Curled up on the floor, she willed the child to stay within her, but already she knew it had leaked away, cell by cell, the very parchment of life seeping from her. The secret she had held so close to her, the words she had not been able to say, spilled from her now in anguish. As she cried out in the empty room she was conscious again of the siren’s shriek. Then, suddenly, the earth shuddered beneath her with the impact of a bomb. Outside, the jacaranda tree buckled and bent, its feathery branches blown wildly about by the blast, before it cracked and fell. The earth shook again and she heard the screams of animals in the nearby slaughterhouse, and then the screams of men. She could not move, and blood flowed from her unstoppably.

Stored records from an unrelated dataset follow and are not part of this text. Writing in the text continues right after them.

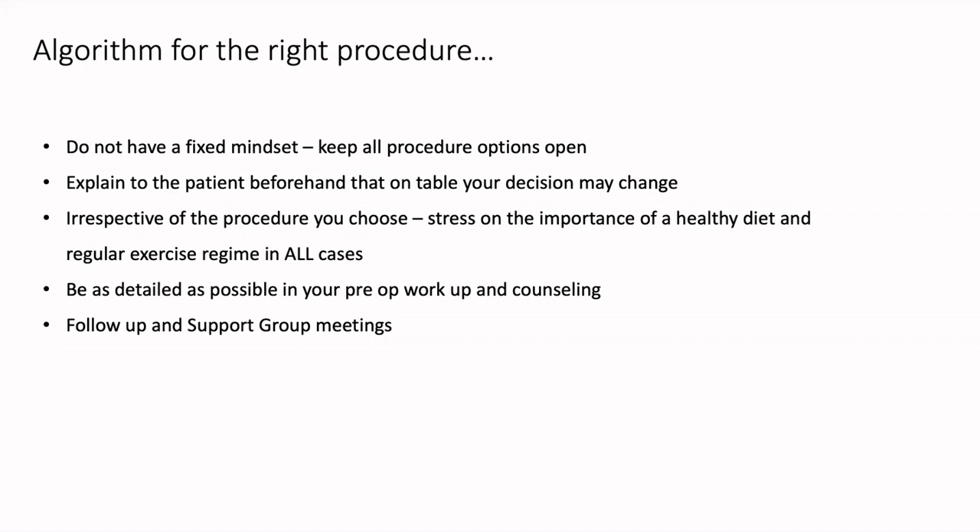A bariatric procedure will always help the patient to lose weight. But maintaining all that lost weight can only be done with a good lifestyle. And that has to be taught to the patient pre-operatively in your counseling sessions, whether it's done by you, your psychologist, or any other counselor or therapist in your team — but it has to be done. Whenever you're doing a pre-operative workup, make sure that you're including every system in your body, head to toe. And once the patient has undergone surgery, please stress on the importance of follow-up and keep holding regular support group meetings so that the procedure works for them very well. They understand how to manage themselves after every procedure, understand the importance of nutritional supplements, and all patients can meet each other and help each other figure out what exactly is the best way forward.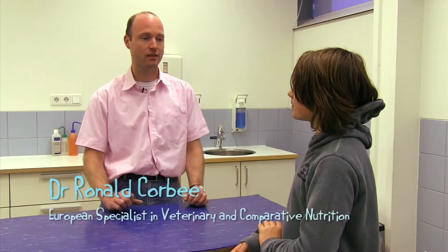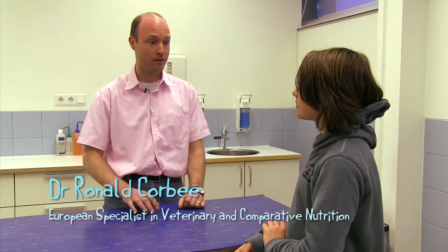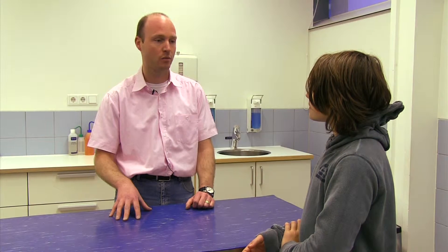We usually treat dogs and cats with diabetes in this hospital. In cats we use more the very high protein diets with very low carb, and with dogs we tend to use a bit higher carb because we feed them a lot of fiber.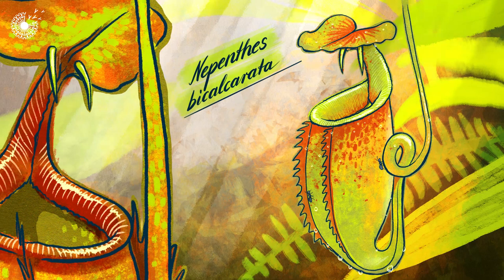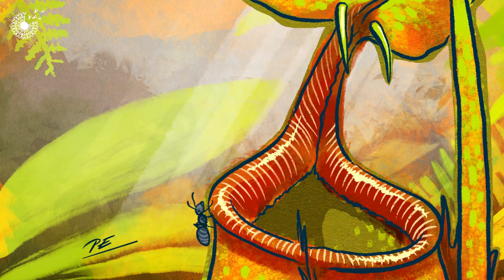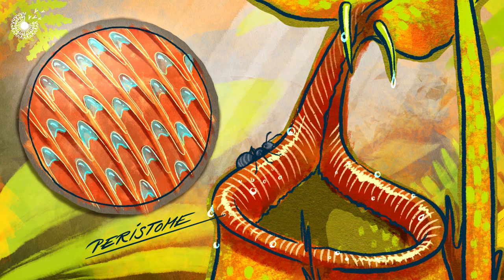This carnivorous pitcher plant has a particularly gruesome party trick: a highly slippery outer rim which causes insects to slip into a tube full of digestive juices. This super slippery rim, called the peristome, consists of a microtextured surface which becomes incredibly slippery when wet. This microtexture is formed from overlapping epidermal cells which cleverly directs insects to slip inwards and not out of the plant.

Shiva burst through the door with a cry and ran to where Sita lay. He had heard the bomb drop as he left the school, and knew his wife had gone home before him. The missile had hit the slaughterhouse, tearing the limbs off cows and goats, loosening roof tiles and blowing out doors in the buildings on Serangoon Road. Shiva saw the fallen jacaranda outside his house and feared for Sita as he ran. Old Usha hurried behind him, shouting incomprehensibly. As Shiva entered the room he saw Sita curled up on the floor in a pool of blood. Behind him in the doorway Usha sized up the situation and, pushing Shiva out of the way, bent to Sita.
‘She is not dead. Only baby is gone,’ she told Shiva, seeing that he thought his wife was the victim of the bomb, and then she ordered him out of the room.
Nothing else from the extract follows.